Multicluster examples do not work if trustDomain value is set
nea1 opened this issue · comments
Bug Description
The Multi-Primary on different networks multicluster example works exactly as expected if using the same trustDomain (e.g. cluster.local
) in both clusters. However if the trustDomain value differs across clusters (everything else remaining the same); then cross-cluster calls do not work.
e.g.
cluster 1:
meshConfig:
trustDomain: search.prod
cluster 2:
meshConfig:
trustDomain: payments.prod
Both clusters have a common root of trust as per the pre-requisite setup in Configure Trust
We require the use of different trust domains to uniquely identify workloads across the estate; however we also require them to have the same x509 root cert.
Expected Behaviour
The workload certs in both clusters share the same root, so I would expect cross cluster MTLS calls to succeed. i.e.
- Calls to the helloworld service should be served by both the local v1 deployment and remote v2 deployment
- Calls to a remote httpbin service should be successfully served over MTLS
Actual Behaviour
- Calls to the helloworld service are served only from the local cluster:
Hello version: v1, instance: helloworld-v1-7df57fccf6-wl85c
Hello version: v1, instance: helloworld-v1-7df57fccf6-wl85c
Hello version: v1, instance: helloworld-v1-7df57fccf6-wl85c
Hello version: v1, instance: helloworld-v1-7df57fccf6-wl85c
...
- Calls to a remote httpbin service fail
kubectl exec -n foo deploy/sleep --context="${CTX_CLUSTER1}" -- curl http://httpbin.bar/get
upstream connect error or disconnect/reset before headers. reset reason: connection failure, transport failure reason: TLS error: 268435581:SSL routines:OPENSSL_internal:CERTIFICATE_VERIFY_FAILED
I would expect the trustDomain values being different only to come into play if referencing the spiffe ids/principals in an AuthorizationPolicy; which is not the case here (no polices are deployed)
Unless there is some extra config required for multiple trustDomains (with the same root) to work in a multicluster setup, then this looks to be a bug?
Version
istioctl version ✔
client version: 1.13.4
control plane version: 1.13.4
data plane version: 1.13.4 (4 proxies)
Additional Information
No response
By default only the same trust domain is trusted; to add more trustDomainAliases
can be set
@howardjohn my understanding is that trustDomainAliases
effectively says "these trustdomains should be considered the same as this trustdomain"; which is subtlety different to "these trustdomains should be trusted"
For example if I configure the following in the "payments" cluster:
meshConfig:
trustDomain: payments.prod
trustDomainAliases:
- search.prod
...then a workload with spiffe id spiffe://payments.prod/ns/foo/sa/sleep
is considered identical to a workload with spiffe id spiffe://search.prod/ns/foo/sa/sleep
. Therefore an AuthorizationPolicy containing:
- from:
- source:
principals: ["payments.prod/ns/foo/sa/sleep"]

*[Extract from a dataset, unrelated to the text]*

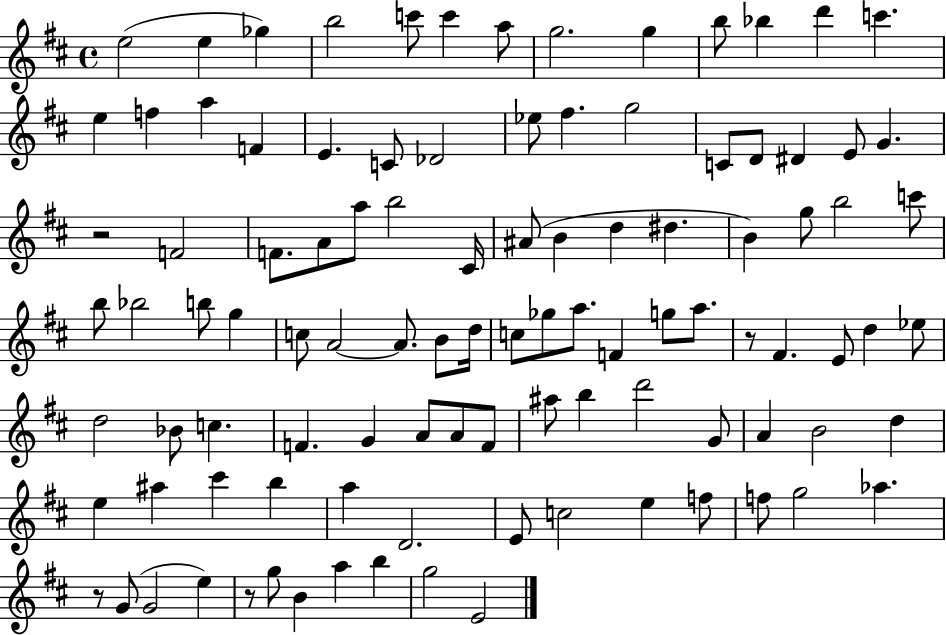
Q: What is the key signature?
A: D major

would allow access from payments.prod/ns/foo/sa/sleep
and search.prod/ns/foo/sa/sleep
.
I still want to be able to distinguish between workloads with different spiffe ids and for example allow access from the payments instance, but deny access from the search instance - how do I do that?

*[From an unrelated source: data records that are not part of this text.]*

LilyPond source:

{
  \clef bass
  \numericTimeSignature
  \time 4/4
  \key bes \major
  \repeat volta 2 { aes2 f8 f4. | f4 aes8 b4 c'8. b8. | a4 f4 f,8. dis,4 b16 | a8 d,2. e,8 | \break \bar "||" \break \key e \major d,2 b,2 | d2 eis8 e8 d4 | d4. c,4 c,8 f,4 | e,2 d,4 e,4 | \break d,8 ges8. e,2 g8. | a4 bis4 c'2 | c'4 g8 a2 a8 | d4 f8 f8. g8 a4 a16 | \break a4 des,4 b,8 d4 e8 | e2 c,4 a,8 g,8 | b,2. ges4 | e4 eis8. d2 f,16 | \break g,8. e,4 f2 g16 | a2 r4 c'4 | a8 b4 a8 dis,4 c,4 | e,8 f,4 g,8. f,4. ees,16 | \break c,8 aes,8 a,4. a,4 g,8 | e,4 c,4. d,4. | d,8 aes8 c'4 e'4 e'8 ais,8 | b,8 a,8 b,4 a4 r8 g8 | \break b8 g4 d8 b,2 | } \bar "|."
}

I would have expected the default behaviour when there is common root cert to be, that in the absence of an AuthorizationPolicy saying otherwise, that communication would be trusted - a user would then be able to deploy an AuthorizationPolicy to deny other trustdomains if desired i.e. something like
action: DENY
rules:
- from:
- source:
principals: ["anotherdomain.prod/*"]
Ah good point... this does seem like a functionality gap.
Do you know if there is a workaround for this today? I was looking at certificatedata which appears to let you "add" trust domains to the current mesh, but looks like it relies on adding a bundle url (which in this case would be redundant, as it's effectively the same bundle)

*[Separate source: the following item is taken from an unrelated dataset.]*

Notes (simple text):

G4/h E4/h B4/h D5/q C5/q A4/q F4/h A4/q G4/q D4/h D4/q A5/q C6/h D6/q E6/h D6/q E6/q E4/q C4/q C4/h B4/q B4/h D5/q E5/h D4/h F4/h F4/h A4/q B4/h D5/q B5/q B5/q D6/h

Hey @nea1 - did you ever find an alternative approach here? I've run into the exact same situation.
Hey @skizot722 - unfortunately not. I didn't pursue the certificatedata approach I listed above as even if it worked, it would have been difficult to manage for our use case (we have 10s of trust domains across 100+ clusters). Also ultimately it really would have just been a workaround rather than a proper solution. Unfortunately I don't currently have the bandwidth to contribute a fix, so if someone is able to do that then that would be awesome.
🚧 This issue or pull request has been closed due to not having had activity from an Istio team member since 2022-06-01. If you feel this issue or pull request deserves attention, please reopen the issue. Please see this wiki page for more information. Thank you for your contributions.
Created by the issue and PR lifecycle manager.